What the exercise asks: Repeat the listing below in full and exactly. Pictures are to be omitted.

Information supplied:
+++

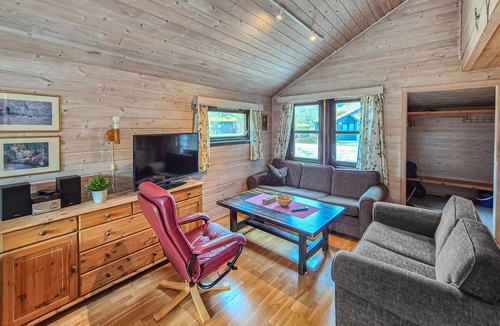 Tjørhom House | Beautiful home in Tjørhom with sauna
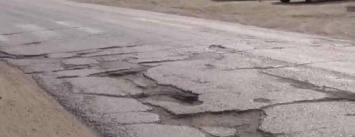 Прокуратура задержала руководство Днепроблавтодора, которое ремонтировало дороги только "на бумаге"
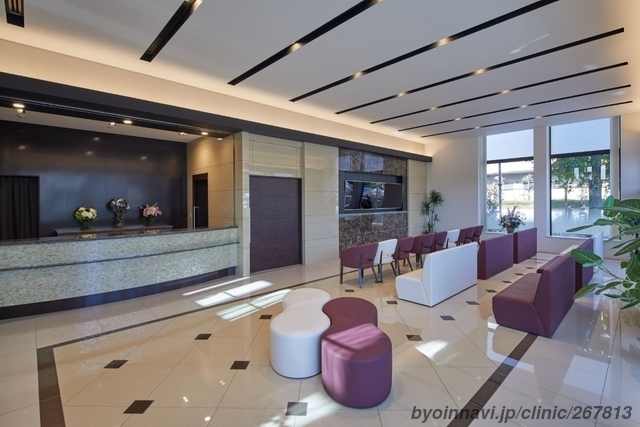 鈴木眼科クリニック名東の外観/院内の写真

+++

The answer:
 Tjørhom House | Beautiful home in Tjørhom with sauna
 Прокуратура задержала руководство Днепроблавтодора, которое ремонтировало дороги только "на бумаге"
 鈴木眼科クリニック名東の外観/院内の写真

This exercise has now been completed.